Santo Inácio de Loyola inicia a quarta semana dos “Exercícios Espirituais”, dedicada à Ressurreição, com uma contemplação sobre «Como Cristo Nosso Senhor apareceu a Nossa Senhora» [EE, 218]. E explica: «Primeiro, apareceu à Virgem Maria, o que, ainda que não se diga na Escritura, se tem como dito, ao dizer que apareceu a tantos outros; porque a Escritura supõe que temos entendimento, como está escrito: “Também vós sois sem entendimento?”» [EE, 299]. Quer dizer, Santo Inácio apoia-se numa certa evidência do entendimento humano, para o qual será um suposto inquestionável que o Filho Ressuscitado aparece primeiro a sua Mãe e que os evangelistas tenham privilegiado nos relatos outros elementos mais incrédulos da sua proximidade, incluindo os Onze e algumas mulheres. E aponta, então, para os preâmbulos habituais: a história (da expiração na cruz à aparição a Nossa Senhora), a composição do lugar (a disposição do santo sepulcro e a casa de Nossa Senhora), a oração de petição (a graça e o intenso gozo de tanta glória)
Importará atender ao facto de o Santo de Loyola iniciar a semana dos “Exercícios Espirituais”, dedicada à Ressurreição, com a aparição a Nossa Senhora e não com uma meditação ou contemplação sobre a Ressurreição de Jesus como tal. Até parece que, para Santo Inácio, o “momento” transcendente da Ressurreição é também o momento da aparição à Mãe. A Ressurreição de Jesus é subsumida pela aparição à Mãe. Será por isso, talvez, que na composição do lugar, o Santo de Loyola associe o santo sepulcro à casa de Nossa Senhora.
A Senhora das Dores da Paixão não pode fazer esquecer a Senhora da Glória da Ressurreição. As dores dos dramas e tragédias por que vamos passando, pessoalmente e na globalidade da comunidade humana, não podem ofuscar a alegria da Páscoa da Ressurreição.

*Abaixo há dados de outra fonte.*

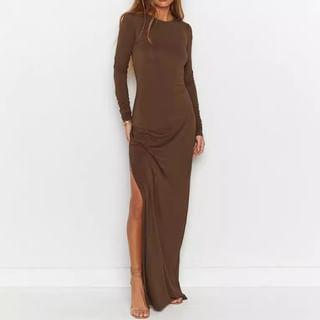 Long Sleeve Crew Neck Plain Slit Bodycon Maxi Dress Product Image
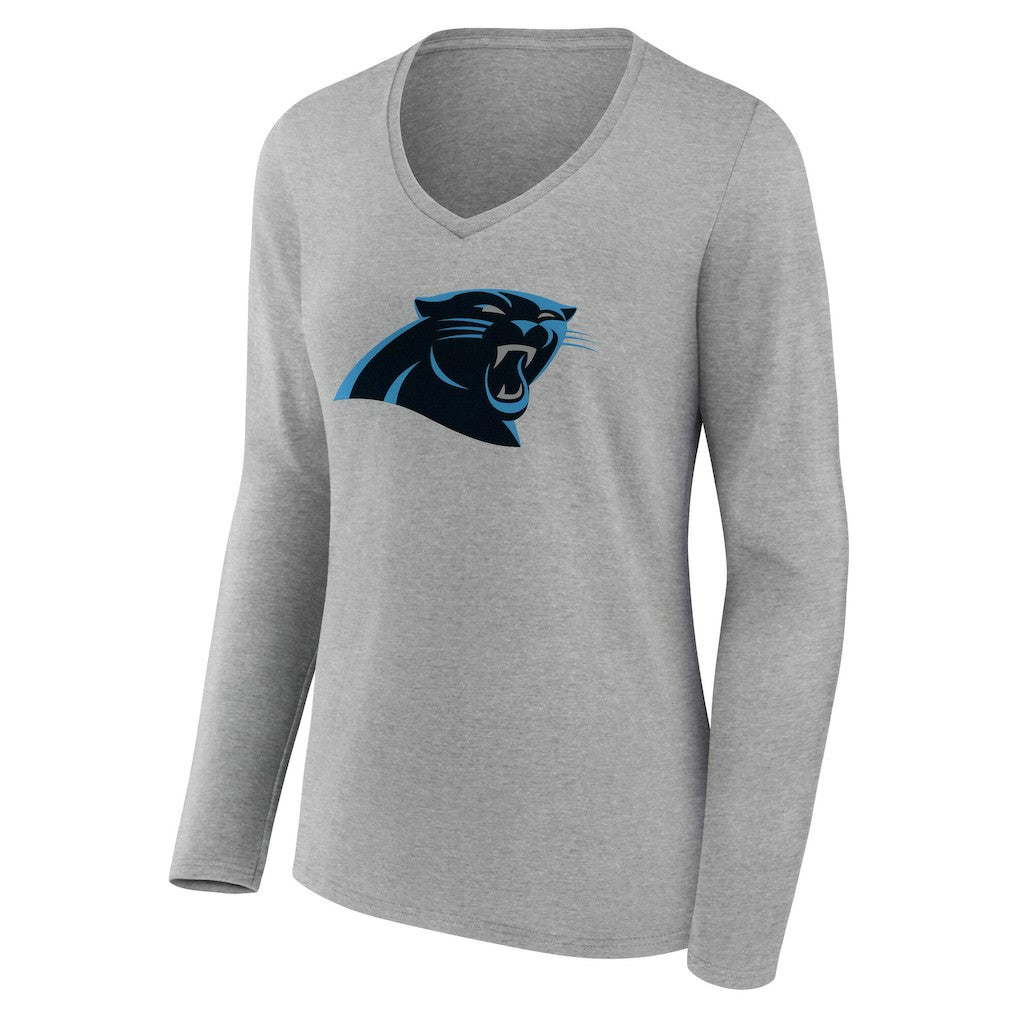 Carolina Panthers Women's Team Authentic Personalized Name & Number Long Sleeve V-Neck T-Shirt Gray | NFL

Nossa Senhora da Anunciação é também Nossa Senhora da Ressurreição. Dois nascimentos compendiam a História da Salvação. «Cheia de graça» e «Bendita entre as mulheres» em Nazaré e na casa de Isabel, Maria, Mãe de Jesus, é também a «Bendita entre as mulheres» na Jerusalém da Páscoa da Ressurreição.
Ave, «Bendita entre as mulheres», Senhora da Ressurreição.